Canta Aquele que foi sempre, no sono e na vigília, esperado e ansiado, o guarda
de Israel, o consolo da humanidade, o alento do nosso coração. Ele chegou,
finalmente! Chegou para nunca mais nos deixar, porque desposou para sempre a
nossa pobre humanidade! São Jerônimo, com palavras cheias de ternura, medita
sobre este mistério: “O Cristo não encontra lugar no Santo dos Santos,
onde o ouro, as pedras preciosas, a seda e a prata reluziam: não, ele não nasce
entre o ouro e as riquezas, mas nasce num estábulo, na lama dos nossos pecados.

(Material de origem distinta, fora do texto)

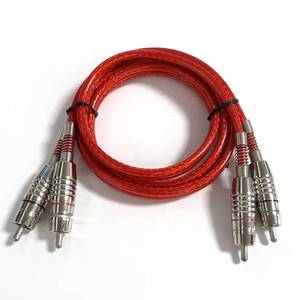 High-density braided 2RCA car audio <b>cable</b>, male to male, transparent RCA <b>cable</b> - Product Image 1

Ele nasce num estábulo para reerguer os que jazem no meio do estrume: ‘Ele
retira o pobre do estrume’. Que todos os pobres encontrem nisso consolo! Não havia
outro lugar para o nascimento do Senhor, a não ser um estábulo; um estábulo
onde se achavam amarrados bois e burros! Ah! Se me fosse dado ver este estábulo
onde Deus repousou! Na realidade, pensamos honrar o Cristo retirando o presépio
de palha e substituindo-o por um de prata… Para mim tem mais valor justamente o
que foi retirado: o paganismo merece prata e ouro. A fé cristã merece o
estábulo de palha. Pois bem! Ouvimos a criança choramingar no estábulo:
adoremo-la, todos nós, no dia de hoje. Ergamo-la em nossos braços, adoremos o
Filho de Deus. Um Deus poderoso, que por longo tempo, bradou alto dos céus e
não salvou ninguém: agora choramingou e salvou. A elevação jamais salva; o que
salva é a humildade! O Filho de Deus estava no céu, e não era adorado; desce à
terra e passa a ser adorado. Mantinha sob seu domínio o sol, a lua, os anjos, e
não era adorado; nasce na terra, homem, homem completo, integralmente homem, a
fim de curar a terra inteira. Tudo o que não assumisse de humano, também não
salvaria…”
É este o mistério do Santo Natal! Tenhamos o cuidado de não parar nas
aparências, de não ficarmos somente na meiga cena do Menino, com a Virgem e são
José! Este Menino é o Emanuel, o Deus-conosco! Este Menino veio como sinal de
contradição, pois diante dele ninguém pode ser indiferente: ou se o acolhe, ou
se o rejeita: “A Palavra estava no mundo, e o mundo foi feito por meio
dela, mas o mundo não quis conhece-la. Veio para o que era seu, e os seus não a
acolheram. Mas, a todos os que a acolheram, deram a capacidade de se tornarem
filhos de Deus…” Pois bem: acolhamo-la, a Palavra que se fez Menino, Filho
que nos foi dado! Se o acolhermos de verdade, na pobreza do dia-a-dia, no
esforço de uma vida santa, então poderemos cantar com o salmista: “Cantai
ao Senhor Deus um canto novo, porque ele fez prodígios! O Senhor fez conhecer a
salvação, e às nações, sua justiça. Os confins do universo contemplaram a
salvação do nosso Deus. Aclamai o Senhor Deus, ó terra inteira, alegrai-vos e
exultai!”
Vamos todos! Sejamos testemunhas da graça deste dia, da novidade desta
festa. E cumpram-se em nós as palavras da Escritura na leitura da missa de
hoje: “Como são belos, sobre os montes, os pés do mensageiro que
anuncia a paz, de quem anuncia o bem e prega a salvação e diz a Sião: o teu
Deus reina! O Senhor consolou o seu povo! O Senhor desnudou seu santo braço aos
olhos de todas as nações; todos os confins da terra hão dever a salvação que
vem do nosso Deus”. Sejamos mensageiros dessa paz, dessa boa nova, sejamos
testemunhas do Menino, irradiemos a graça do Santo Natal! Amém.